(DATA TO EXAMINE):
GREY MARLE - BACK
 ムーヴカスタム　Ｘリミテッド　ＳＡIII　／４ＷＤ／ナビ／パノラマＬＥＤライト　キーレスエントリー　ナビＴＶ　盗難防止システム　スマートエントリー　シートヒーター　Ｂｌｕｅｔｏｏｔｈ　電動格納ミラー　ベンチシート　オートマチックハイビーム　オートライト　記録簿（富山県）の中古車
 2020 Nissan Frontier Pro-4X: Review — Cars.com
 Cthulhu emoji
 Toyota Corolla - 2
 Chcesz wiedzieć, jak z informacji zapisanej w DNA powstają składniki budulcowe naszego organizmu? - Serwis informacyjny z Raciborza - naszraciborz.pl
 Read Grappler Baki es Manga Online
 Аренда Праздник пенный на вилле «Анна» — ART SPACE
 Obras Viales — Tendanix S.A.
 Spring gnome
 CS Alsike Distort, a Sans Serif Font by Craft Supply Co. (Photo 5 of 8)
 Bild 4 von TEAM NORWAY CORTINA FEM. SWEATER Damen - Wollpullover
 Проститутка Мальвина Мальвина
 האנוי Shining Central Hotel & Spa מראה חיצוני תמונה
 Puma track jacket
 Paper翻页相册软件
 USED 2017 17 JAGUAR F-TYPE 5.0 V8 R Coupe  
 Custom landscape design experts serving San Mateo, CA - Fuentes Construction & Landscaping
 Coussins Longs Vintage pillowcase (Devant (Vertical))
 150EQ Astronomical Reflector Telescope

(WHAT NEEDS TO BE DONE): Copy, without any change, the lines above from the one containing "Bild 4 von TEAM" to the end, both ends included. Add nothing else.

(WRITTEN RESPONSE):
 Bild 4 von TEAM NORWAY CORTINA FEM. SWEATER Damen - Wollpullover
 Проститутка Мальвина Мальвина
 האנוי Shining Central Hotel & Spa מראה חיצוני תמונה
 Puma track jacket
 Paper翻页相册软件
 USED 2017 17 JAGUAR F-TYPE 5.0 V8 R Coupe  
 Custom landscape design experts serving San Mateo, CA - Fuentes Construction & Landscaping
 Coussins Longs Vintage pillowcase (Devant (Vertical))
 150EQ Astronomical Reflector Telescope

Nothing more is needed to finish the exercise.